### ACTIVITY
Here the job is to transcribe the data verbatim while leaving each picture out.

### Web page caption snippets
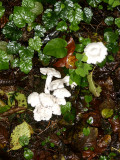White mushrooms in the rain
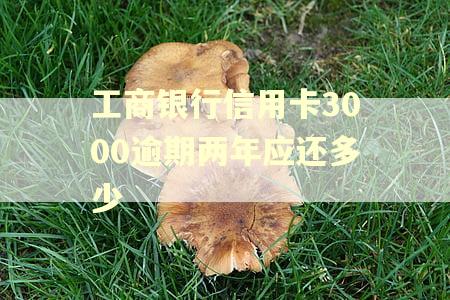 工商银行信用卡3000逾期两年应还多少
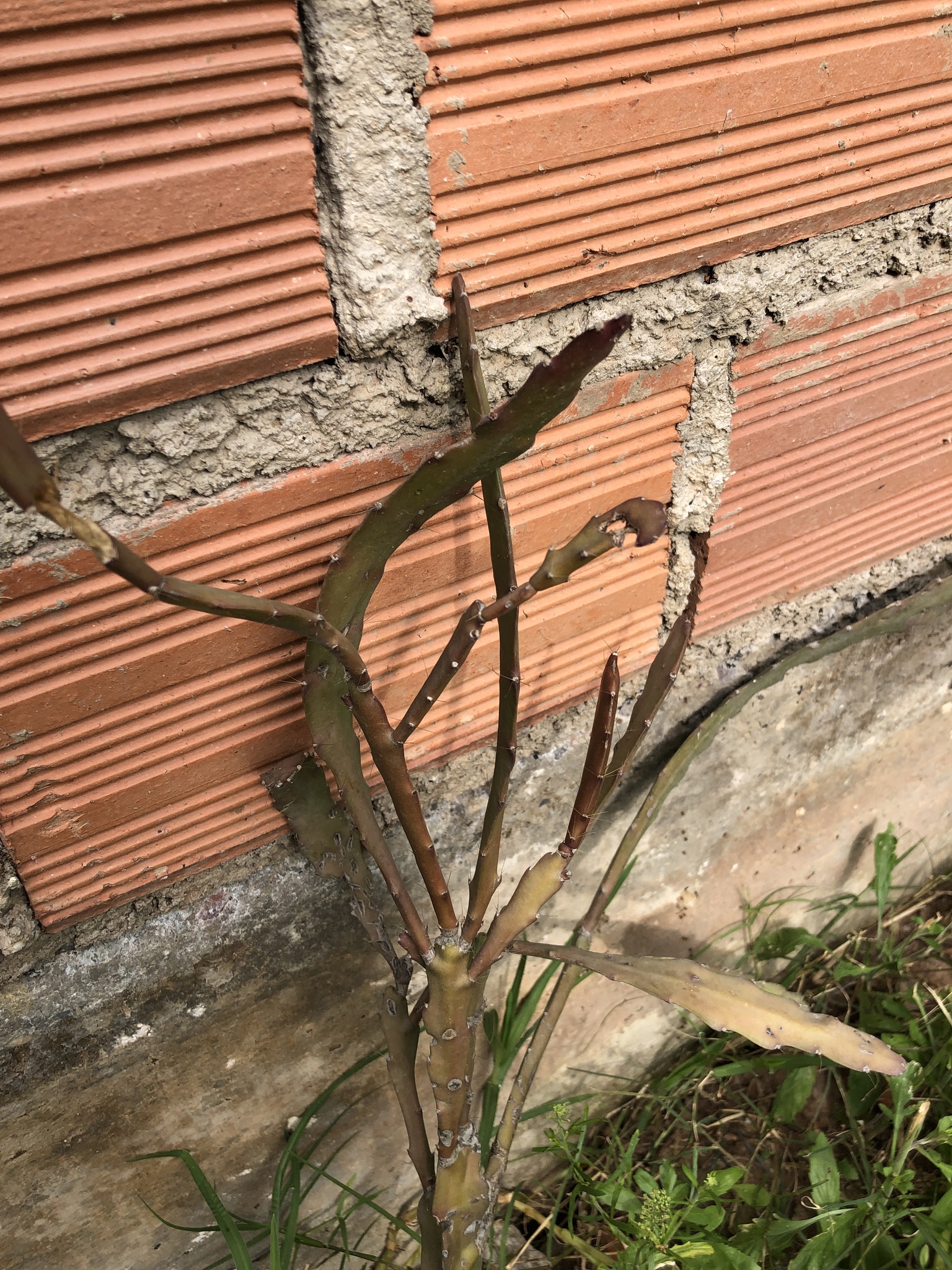Imagem de Cacto-orquídea
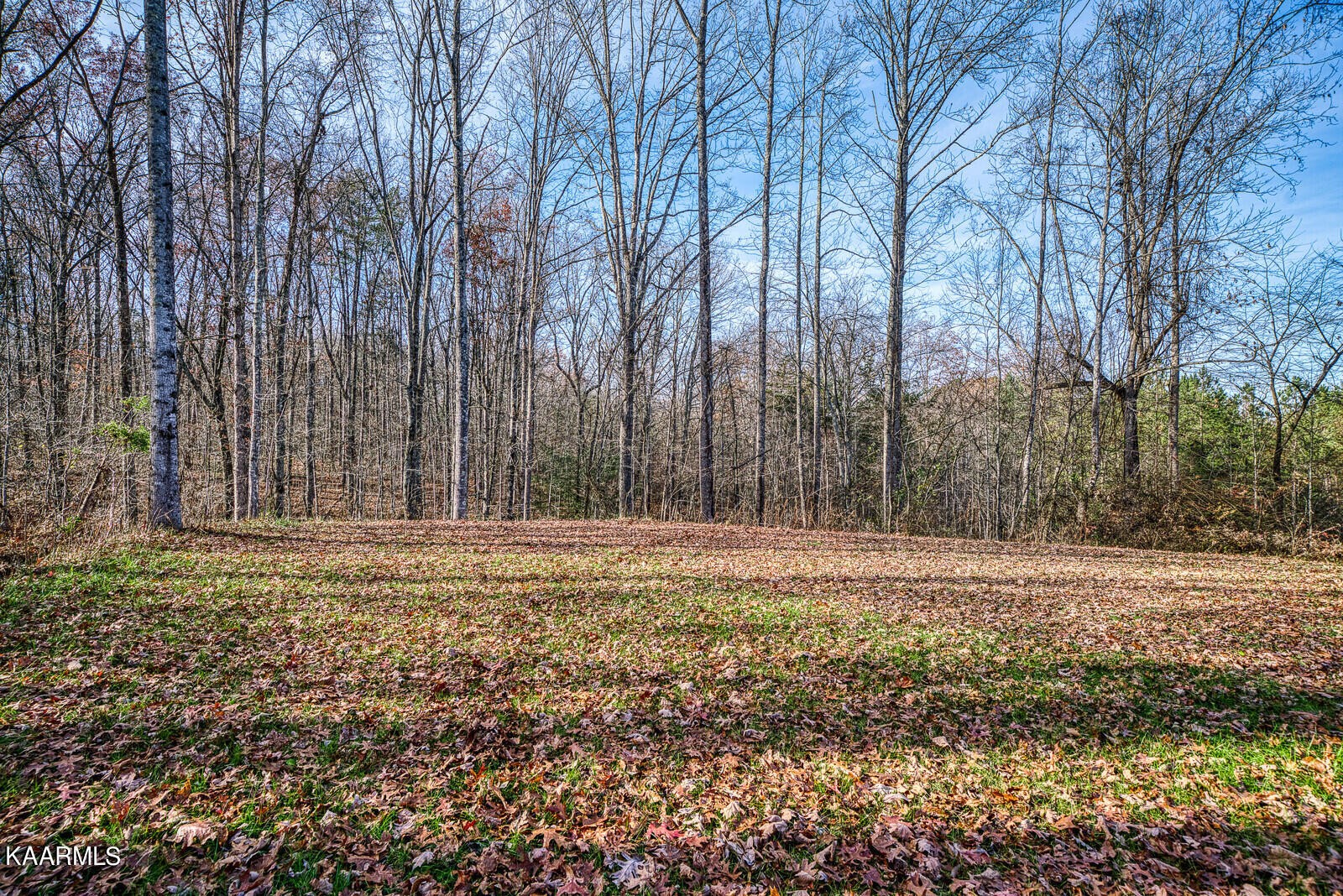 199 Hickory Mill Road Jamestown, TN 38556 - Photo 31 of 38 Gallery Image 31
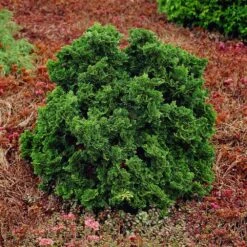 Dwarf Hinoki Cypress Shrub -Fast-Growing-Trees Shop Dwarf Hinoki Cypress 1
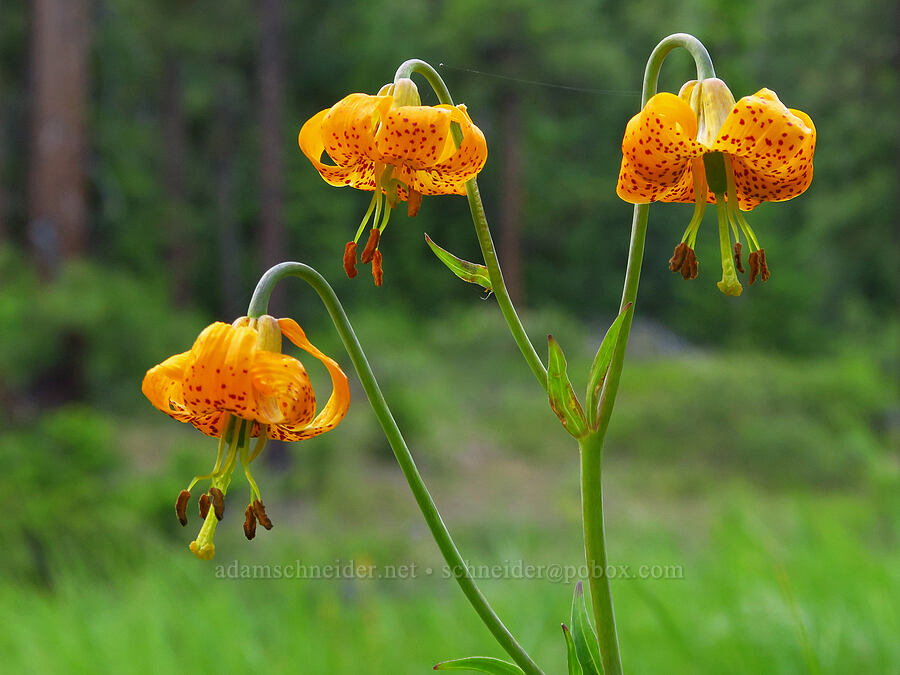 Columbia tiger lily (Lilium columbianum) [near Lightning Lake, Okanogan-Wenatchee National Forest, Yakima County, Washington]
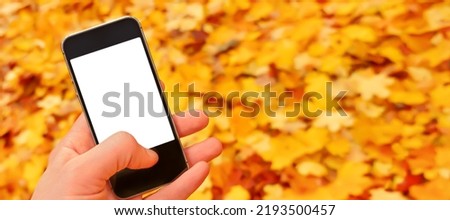 Fallen leaves autumn mobile phone mockup hand holding smartphone nature fall background leaves falling. Blank mobile mockup smartphone blank screen hand phone nature autumn banner. Screen mobile hand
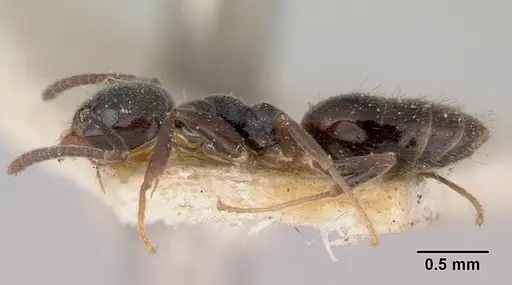 Technomyrmex jocosus specimen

### ANSWER BELOW
White mushrooms in the rain
 工商银行信用卡3000逾期两年应还多少
Imagem de Cacto-orquídea
 199 Hickory Mill Road Jamestown, TN 38556 - Photo 31 of 38 Gallery Image 31
 Dwarf Hinoki Cypress Shrub -Fast-Growing-Trees Shop Dwarf Hinoki Cypress 1
 Columbia tiger lily (Lilium columbianum) [near Lightning Lake, Okanogan-Wenatchee National Forest, Yakima County, Washington]
 Fallen leaves autumn mobile phone mockup hand holding smartphone nature fall background leaves falling. Blank mobile mockup smartphone blank screen hand phone nature autumn banner. Screen mobile hand
 Technomyrmex jocosus specimen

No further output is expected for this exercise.